В коридоре скидываю сандалии и прохожу босыми ногами в зал. Ступни касаются холодного пола. Я опускаюсь в низкое советское кресло и поднимаюсь на носочки, ноги на уровне коленей жмутся друг к другу. Я сама как те кузнечики с «танцев». Из раскрытого окна тянет прохладой после дождя. Я долго и бессмысленно изучаю синие цветочные горшки.
— Все ходите, все прощения просите, пытаете. Не для них ходите — для себя. — Женщина закрывает ставни и оглушает.

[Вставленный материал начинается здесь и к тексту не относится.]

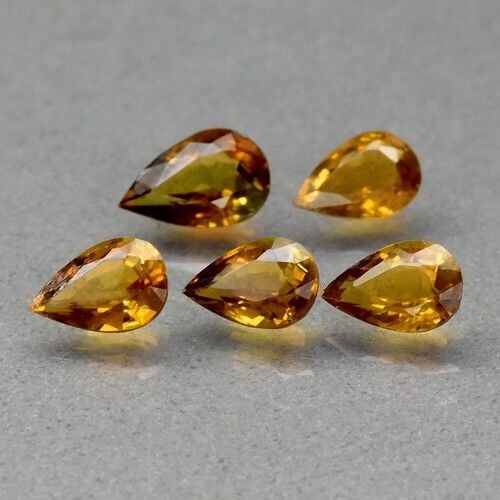 2.09ct t.w 5pcs Lot  Pear Natural Unheated Yellow Tourmaline, Africa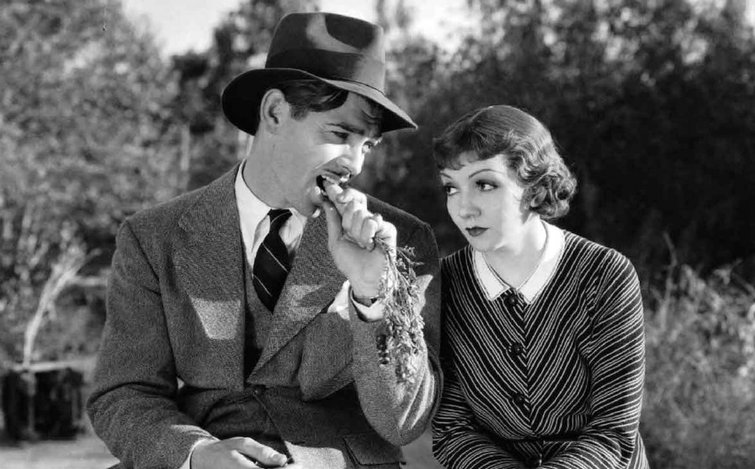 Clark Gable and Claudette Colbert in "It Happened One Night"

Я прячусь в цветочных горшках, блуждаю глазами между ними.
— Снова Ксения? — уточняют.
Я прочищаю горло.
— Да. — В груди у меня пусто и тихо.
— Кто нужен: бабушка или нерожденная? — Тон женщины бесцветный, как радужки глаз.
— Ребенок.
Из земли в горшках торчат острые зеленые стержни. Шум в ушах не дает расслышать шепот. Имя в шепоте шумит в ушах, словно море в ракушках. Детское в этих ракушках, родное, далекое, потерянное.
— Говорите с ней.
Я хватаюсь за живот, разлепляю пересохшие губы.
— Прости, Ксюшенька, — произношу безголосо, не отрываясь от зеленых ростков в горшках. — Тебя отпустили ко мне теперь?
— Она говорит, не переживайте: ей хорошо, она с Павлом.
Я перевожу глаза на женщину в кресле, очнувшись.
— Да, с сыном, — спокойно подтверждает женщина.
В груди клокочет, но я пока сдерживаю радость.
— Значит, это бабушка! А Ксюши нет там, в небе. Значит, Ксюша вернулась ко мне, — расплываюсь я, ступни опускаются, остужаются холодным полом.
Выцветшие глаза застывают, удивляются:
— Говорит, маленькая Ксюша уже ушла. К Богу ушла. Вымолил кто-то.
Я обнимаю рукой круглый маленький живот, будто боюсь отдать.
— А ваш инопланетянин — мальчишка.
Я изучаю горшки с зелеными стебельками, пересчитываю зачем-то их. Ростков — девять.
Домой иду по оживленной улице мимо стеклянных витрин, мимо рекламных щитов. И долго стою под одним из плакатов, на котором в квадрате черной комнаты тоненькая балерина в пышной пачке, склонившись, завязывает белые фасолинки пуантов.